Cass.crim. 19 juin 1897 (S. 1898 I 204) : Les rapports des gardiens de la paix ne valent que comme simples renseignements, et eux-mêmes ne sont, devant les tribunaux, que les témoins de ce qu’ils ont consigné dans leur document.
Cass.crim. 4 juin 1991 (Gaz.Pal. 1992 I Chr.crim. 29) : Un rapport de police administrative peut, comme tout document administratif, être versé à titre de renseignement dans une procédure.
Cass.crim.6 janvier 1965 (Bull.crim. n°4 p.5) : Un simple rapport de police ne présente pas le caractère d’un acte d’instruction ou de poursuite au sens des art. 7 et 8 C.pr.pén.
RAPPORTEUR
Cf. Instruction – à l’audience*, Tribunal*.
Pour que soit assuré le bon fonctionnement d’une juridiction collégiale, il est souhaitable que chaque dossier soit suivi par l’un de ses membres. Ce magistrat, nommé rapporteur, contrôle le déroulement des formalités préparatoires, effectue éventuellement des actes d’instruction, et enfin, le jour de l’audience, fait le point de l’affaire devant ses collègues et les parties.
Voir : Le procès du duel
Denisart (Collection de jurisprudence, 1768) : On nomme rapport le récit que fait un conseiller ou un autre juge, des pièces et de l’état d’un procès qu’il a été chargé d’examiner. Et celui qui fait le rapport est nommé rapporteur.

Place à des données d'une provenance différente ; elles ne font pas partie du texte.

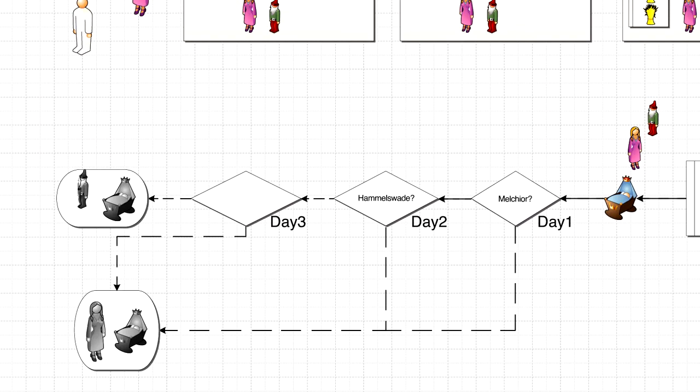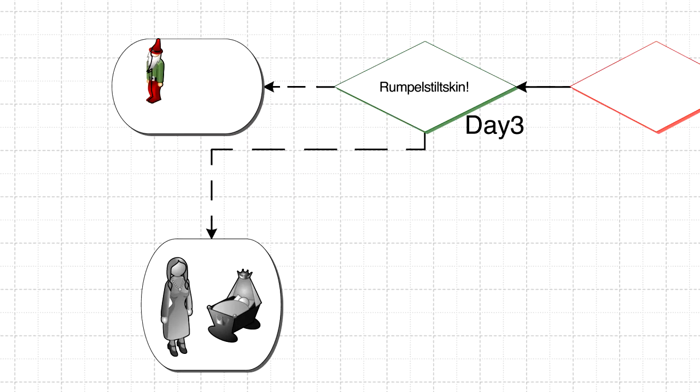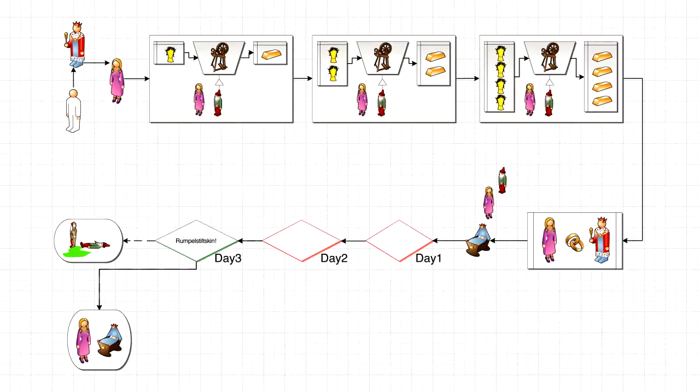On the first two days, she failed, but on the third day, she stated the dwarf's name correctly: Rumpelstiltskin. In his rage, Rumpelstiltskin tore himself apart, and the queen and her son lived happily ever after.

Faustin Hélie (Traité de l’instruction criminelle), à propos de la procédure devant la cour d’appel : Le rapport, qui a pour objet d’exposer publiquement tous les documents de la cause, et de suppléer quelquefois quelques uns de ces documents, intéresse directement la manifestation de la vérité et la défense des parties ; il faut donc le considérer comme un élément essentiel du débat. Placé au seuil de la procédure d’appel, il en précède toutes les solennités et tous les actes ; le tribunal n’est pas réputé avoir agi en connaissance de cause quand il ne l’a pas entendu ; et il ne peut procéder à aucune mesure même d’instruction avant ce préliminaire indispensable, destiné à constater l’état et les éléments du procès.
Code de procédure pénale espagnol, Art. 146. - Dans
chaque affaire il y aura un magistrat rapporteur.

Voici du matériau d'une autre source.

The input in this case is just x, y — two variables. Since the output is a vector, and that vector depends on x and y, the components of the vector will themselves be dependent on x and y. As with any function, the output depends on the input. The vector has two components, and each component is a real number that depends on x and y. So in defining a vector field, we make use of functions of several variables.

Les magistrats du tribunal exerceront cette charge à tout de rôle...
Art. 147 : Il revient aux rapporteurs:
1° d'informer le tribunal des requêtes des parties;
2° d'examiner tout ce qui se rapporte aux preuves que l'on propose et d'informer le tribunal du caractère bien fondé ou non de cette
demande;
3° de recevoir les déclarations des témoins et d'effectuer toutes diligences aux fins de preuve, si, selon la loi, elles ne doivent pas ou si elles
ne peuvent pas être exécutées devant le tribunal qui les ordonne, ou si elles ont lieu en dehors de la localité où siège le tribunal, et que n'est pas
donnée commission aux juges d'instruction ou aux juges municipaux pour qu'ils les effectuent;
4° de préparer les décisions (*) et jugements qu'il y a lieu de soumettre à la discussion du tribunal et les rédiger de manière définitive dans les
termes pour lesquels il y a un accord.
Si le rapporteur ne s'est pas conformé au vote de la majorité, c'est un autre magistrat qui sera chargé de la rédaction du jugement; mais dans ce
cas, le premier rapporteur sera obligé de formuler son vote particulier.

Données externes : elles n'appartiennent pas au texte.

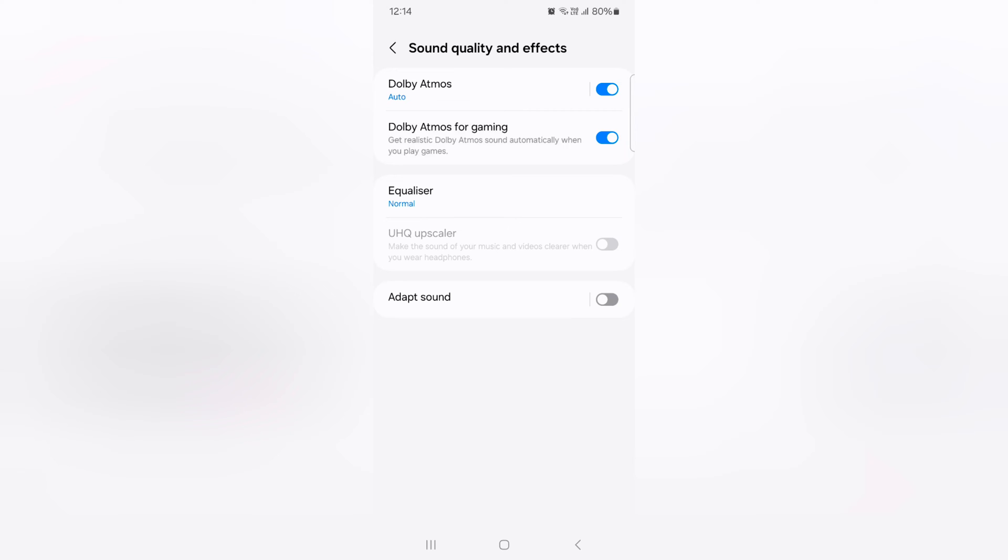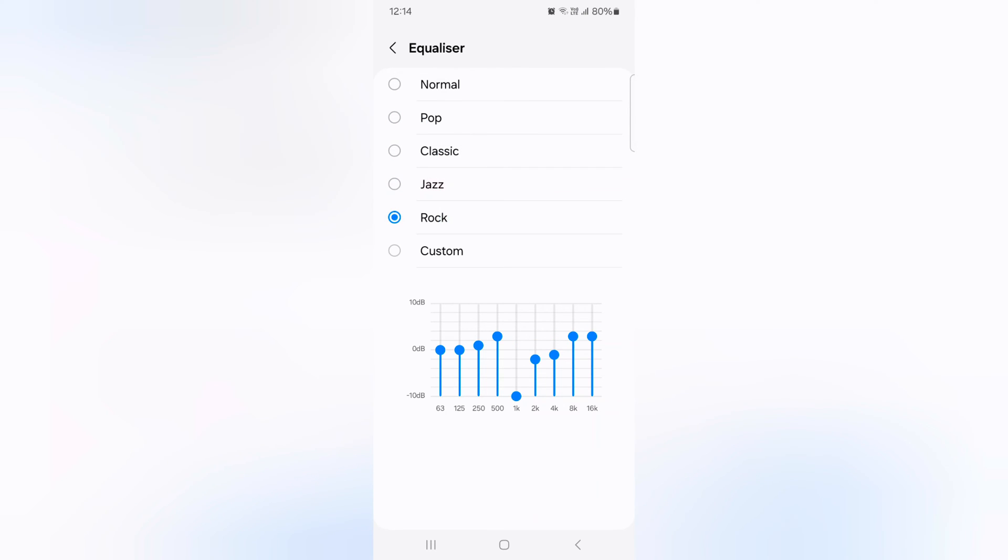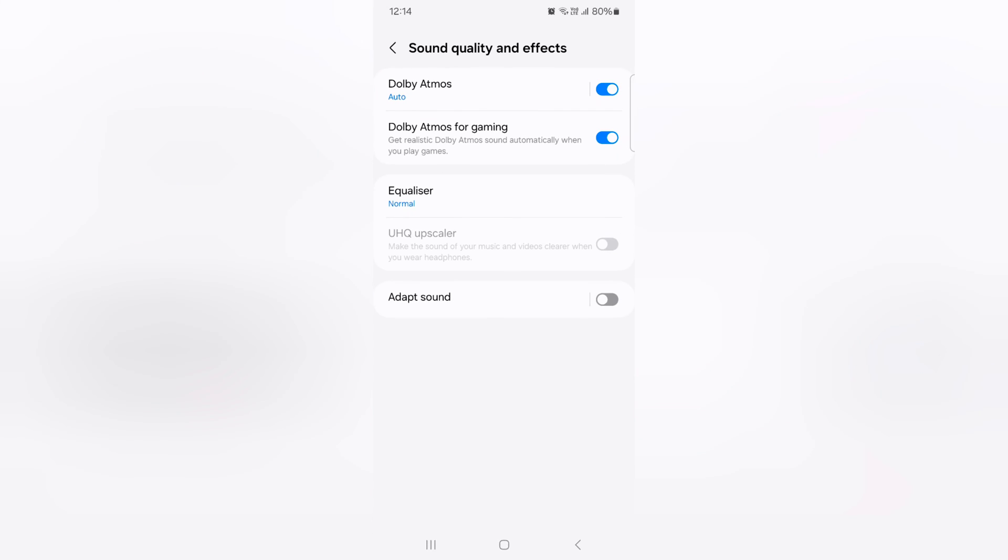You can also use Equalizer, tap on it. By default, it's set to Normal. You can choose Pop, Classic, Jazz, Rock and Custom if you want to set Equalizer on your Dolby Atmos. So quite easy to customize the Dolby Atmos on your Samsung Galaxy S24 series.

5° de lire le jugement en séance publique.
- Rapport écrit. Devant les juridictions qui suivent une procédure principalement écrite, comme la Cour de cassation, le rapport du conseiller est naturellement présenté par écrit.
Voir : Rapport écrit du procès en révision, dans l’affaire des Fleurs du mal de Baudelaire
Boré (La cassation en matière pénale) : Le rapport, devant la Cour de cassation, rappelle les faits de la cause, les moyens de cassation invoqués, les principes juridiques applicables et les conséquences qu’il y a lieu d’en tirer pour le jugement du pourvoi.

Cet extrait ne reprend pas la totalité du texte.